Getting Answers Getting your answer will involve rolling a d20 one or more times. The simple yes-no question is a single d20 roll, the more interpretive open questions are two or more d20 rolls.

Yes-No Even with a simple yes-no question, we can add in a few shades of grey. The yes-no roll is going to give you four possible answers. Yes and no are obvious, but we also have no, because… and yes, and… The no, because… answer comes into play if your d20 roll is 1 or less. It means that the answer is a no, but it prompts you to add in additional detail, possibly one that your character could hope to change. The yes, and… answer is the most extreme form of yes. It is what you asked for and more. On your d20 roll, a result of 20 or more is a yes, and… answer. Yes and no start as yes on an 11 or more and no on 2 to 10.

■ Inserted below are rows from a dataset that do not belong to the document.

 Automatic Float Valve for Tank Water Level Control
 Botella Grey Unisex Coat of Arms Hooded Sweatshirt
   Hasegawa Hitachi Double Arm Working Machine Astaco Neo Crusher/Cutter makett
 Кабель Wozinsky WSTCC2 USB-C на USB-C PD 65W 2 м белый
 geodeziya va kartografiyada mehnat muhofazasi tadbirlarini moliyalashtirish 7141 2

Journals and Record-Keeping I recommend keeping a journal or record of your adventures. The first reason is that having something to look back over will help you get back into character at the beginning of each solo session. I record the location; just a few words normally is enough to help me imagine what my character could see. Then I fill in a brief summary of the action, what happened in this scene. I also include any questions I asked, what I rolled, and how I interpreted the answer. The questions and answers are an important part of the game fiction. If you have established a fact about your world, that should remain true from sessions to session. I frequently do not create NPCs until after the session. I don’t want to interrupt the flow of play to write up an NPC. What I do is write down anything I learned about the NPC in the journal. Then when I do sit down to make some characters, I can make sure that what I know remains true. Tip: Make a variety of characters to use as stock NPCs in your solo games. How much you write is your choice. I know soloists who will roll a few questions and answers and then write up an entire scene longhand, like a chapter in a novel. My journals are so brief they are almost encrypted. They would make no sense to anyone but me. You will have to make your own decision about how much structure you like.

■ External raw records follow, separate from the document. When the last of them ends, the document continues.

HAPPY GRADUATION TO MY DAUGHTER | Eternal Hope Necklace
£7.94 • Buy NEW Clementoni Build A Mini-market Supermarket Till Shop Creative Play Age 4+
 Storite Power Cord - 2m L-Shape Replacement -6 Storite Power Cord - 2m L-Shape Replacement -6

Clever Stuff with Your Journal I include these tips in just about every solo book I write because I think they are important. Solo play gives you some

options that would be more difficult with a regular group. One of these options is the ‘What if…?’ Your adventure may have taken a winding path and reached a conclusion. Looking back over your journal, you can see where everything hinged on one fateful dice roll. In the What if… you imagine that the dice roll had come up with a different option, turning your yes into a no, a yes, and into a no, because, and so on. Now you play on from that point, taking a different alternative route through your adventure. This is a challenge for any roleplayer. You will have foreknowledge of future events, and you shouldn’t change established facts. You are just seeing them from a different perspective. An even more interesting take on this is to highlight particularly interesting NPCs in the story and highlight them in your journal. After your adventure is over, pick an NPC, and build an interesting back story. Then you play that NPC as a player character, plot armored up until the point where your stories intersected. From that point on, you play the character in free play, just to find out what happened to them after their brush with your character. This version allows you to reuse locations and NPCs that you enjoyed but different stories and characters.

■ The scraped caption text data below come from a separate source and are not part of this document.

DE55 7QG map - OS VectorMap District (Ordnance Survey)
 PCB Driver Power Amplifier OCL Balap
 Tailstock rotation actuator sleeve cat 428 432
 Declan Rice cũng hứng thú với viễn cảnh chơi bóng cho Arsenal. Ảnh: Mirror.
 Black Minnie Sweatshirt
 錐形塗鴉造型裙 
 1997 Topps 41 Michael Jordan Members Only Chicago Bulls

Likelihood Not everything is as likely as tossing a coin. Sure, some things are just 50/50, head or tales, yes or no. If you think that something is much more likely to be yes, you get a +3 on your question roll. This is the same as making an Easy attempt. If something is less likely, you apply a -3 to your question. This is the same as a Hard attempt. Likely Question

= roll + 3

50/50 Question

= roll

Unlikely Question = roll -3 At the start of your game, the yes-no Target is 11. 11 or more is a yes, and 20 or more is a yes, and… Every time you roll a natural, unmodified 1, you reduce the yes-no target number. On a natural 20, you increase the yesno target number. Examples in play Asking if I can see the dam, I decided that this is unlikely (-3). Rolling the d20, I got 17 (-3) gave a 14, which is yes. In the distance, I can see the dam blocking the river.